We’ve come upon a fascinating review from the Royal Society Publishing that outlines a variety of the ways that the built environment affects both the prevention and the containment of chronic and infectious disease. There’s some discussion of chronic disease and the modification of Human behavior but the pertinent part for today is their analysis of animal societies and their attempts to identify and address viral contagions. There are many good little nuggets in here, one particularly around design as it relates to the the prevention of disease in human around page 8. But, the section of prevention of Chronic Disease in animals is golden. Just a few snips, read it for yourself here.

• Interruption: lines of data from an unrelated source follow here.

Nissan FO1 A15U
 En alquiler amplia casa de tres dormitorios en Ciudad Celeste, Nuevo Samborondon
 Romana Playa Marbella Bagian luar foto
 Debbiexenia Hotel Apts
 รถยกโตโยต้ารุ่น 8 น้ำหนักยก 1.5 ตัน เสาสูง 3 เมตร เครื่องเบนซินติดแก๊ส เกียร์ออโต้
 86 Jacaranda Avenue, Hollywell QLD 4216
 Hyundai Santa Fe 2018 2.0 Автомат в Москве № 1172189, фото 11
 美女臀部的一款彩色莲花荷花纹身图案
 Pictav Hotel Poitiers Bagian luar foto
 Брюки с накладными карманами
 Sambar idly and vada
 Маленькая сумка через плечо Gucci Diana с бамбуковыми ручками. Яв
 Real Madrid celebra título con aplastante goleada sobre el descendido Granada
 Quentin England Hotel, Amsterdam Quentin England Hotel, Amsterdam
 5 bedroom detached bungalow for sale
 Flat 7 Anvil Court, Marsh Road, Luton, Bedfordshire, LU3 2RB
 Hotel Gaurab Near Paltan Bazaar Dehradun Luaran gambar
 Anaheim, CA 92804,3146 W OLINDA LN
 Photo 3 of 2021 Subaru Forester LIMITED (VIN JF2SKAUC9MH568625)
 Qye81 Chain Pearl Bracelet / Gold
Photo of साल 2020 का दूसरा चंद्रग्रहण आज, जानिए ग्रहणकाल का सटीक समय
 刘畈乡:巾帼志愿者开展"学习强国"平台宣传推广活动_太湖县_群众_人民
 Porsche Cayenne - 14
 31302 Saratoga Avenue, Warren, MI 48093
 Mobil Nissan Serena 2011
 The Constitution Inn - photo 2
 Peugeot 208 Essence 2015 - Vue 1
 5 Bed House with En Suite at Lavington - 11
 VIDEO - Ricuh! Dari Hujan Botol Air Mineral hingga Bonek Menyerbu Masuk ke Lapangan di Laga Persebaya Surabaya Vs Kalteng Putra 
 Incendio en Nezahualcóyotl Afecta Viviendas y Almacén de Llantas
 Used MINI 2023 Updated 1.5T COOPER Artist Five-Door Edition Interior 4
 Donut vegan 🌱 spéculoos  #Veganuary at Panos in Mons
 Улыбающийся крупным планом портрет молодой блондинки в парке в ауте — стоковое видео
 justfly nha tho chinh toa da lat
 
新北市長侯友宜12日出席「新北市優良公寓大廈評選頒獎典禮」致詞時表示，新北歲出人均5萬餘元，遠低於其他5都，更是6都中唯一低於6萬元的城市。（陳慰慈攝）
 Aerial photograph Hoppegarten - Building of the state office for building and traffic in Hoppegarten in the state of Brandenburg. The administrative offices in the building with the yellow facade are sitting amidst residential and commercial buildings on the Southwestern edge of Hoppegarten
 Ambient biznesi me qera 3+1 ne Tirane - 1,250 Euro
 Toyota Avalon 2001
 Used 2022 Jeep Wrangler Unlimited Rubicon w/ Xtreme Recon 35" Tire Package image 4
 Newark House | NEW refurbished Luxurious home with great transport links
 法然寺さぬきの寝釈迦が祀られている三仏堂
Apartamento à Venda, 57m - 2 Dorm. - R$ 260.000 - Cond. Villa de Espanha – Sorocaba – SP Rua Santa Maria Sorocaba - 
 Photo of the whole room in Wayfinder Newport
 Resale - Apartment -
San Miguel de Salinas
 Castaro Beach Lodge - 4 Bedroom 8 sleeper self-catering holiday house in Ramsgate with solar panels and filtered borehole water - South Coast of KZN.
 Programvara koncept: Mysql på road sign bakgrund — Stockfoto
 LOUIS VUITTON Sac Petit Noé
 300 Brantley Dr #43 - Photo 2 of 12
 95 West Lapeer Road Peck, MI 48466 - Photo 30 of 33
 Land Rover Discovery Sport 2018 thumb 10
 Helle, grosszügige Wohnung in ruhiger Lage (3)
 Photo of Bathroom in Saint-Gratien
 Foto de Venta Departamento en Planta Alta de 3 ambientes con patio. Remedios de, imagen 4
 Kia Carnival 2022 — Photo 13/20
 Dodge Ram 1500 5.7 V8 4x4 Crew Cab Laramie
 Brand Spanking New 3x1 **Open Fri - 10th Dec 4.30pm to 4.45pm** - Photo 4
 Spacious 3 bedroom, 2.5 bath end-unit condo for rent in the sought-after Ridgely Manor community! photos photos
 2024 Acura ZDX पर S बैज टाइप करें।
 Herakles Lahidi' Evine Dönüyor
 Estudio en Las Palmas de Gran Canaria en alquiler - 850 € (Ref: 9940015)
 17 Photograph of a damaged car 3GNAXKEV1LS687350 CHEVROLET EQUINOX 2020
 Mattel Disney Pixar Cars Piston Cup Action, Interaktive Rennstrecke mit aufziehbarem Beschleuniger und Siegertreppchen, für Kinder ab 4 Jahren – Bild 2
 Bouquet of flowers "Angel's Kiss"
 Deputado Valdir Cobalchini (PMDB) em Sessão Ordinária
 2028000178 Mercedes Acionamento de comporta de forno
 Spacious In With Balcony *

  • Certain building materials, such as plant parts with antibacterial or antifungal properties, are integrated into animal nests to protect the inhabitants from disease [127].
  • Woodants use resin from coniferous trees as nesting material.This resin inhibits the growth of bacteria and fungi and enhances the survival of the nest’s inhabitants [128].
  • Honey-bees incorporate resin from plants into the wax that forms their hive, thereby reducing the bees’ investment in the expression of immune function genes [129].
  • Several bird species include green aromatic vegetation in their nest materials to reduce parasite load [130–133]
  • and wood rats place California bay foliage in their nests to reduce the abundance of ectoparasites [134].

But most interestingly, and the parallels just continue to develope…

Removing vectors of infection from the nest, such as waste,
excretions and dead or sick individuals, is common in animals, especially in social insects. Honeybees and many ant species remove dead individuals from their hive or nest, a behaviour that extends the lives of the remaining colony members. Ants and bees can detect diseased individuals and behave aggressively towards them until they leave the nest. However, aggression is not always required and, in some ant species, sick individuals will remove themselves from the nest, without interacting with nest-mates.

Pinter-Wollman N, Jelic´ A, Wells NM. 2018 The impact of the built environment on health behaviours and disease transmission in social systems. Phil. Trans. R. Soc. B 373: 20170245. http://dx.doi.org/10.1098/rstb.2017.0245

Distancing, separation, quarantine, light and fresh air.

It would appear that in the case of a micro-organism onslaught that whether you’re a bee, an ant or a human, that segmentation, separation, and isolation are the most effective strategies. And to the extent that urban planning and architecture can support these initiatives we might have a fighting chance against our micro-biome.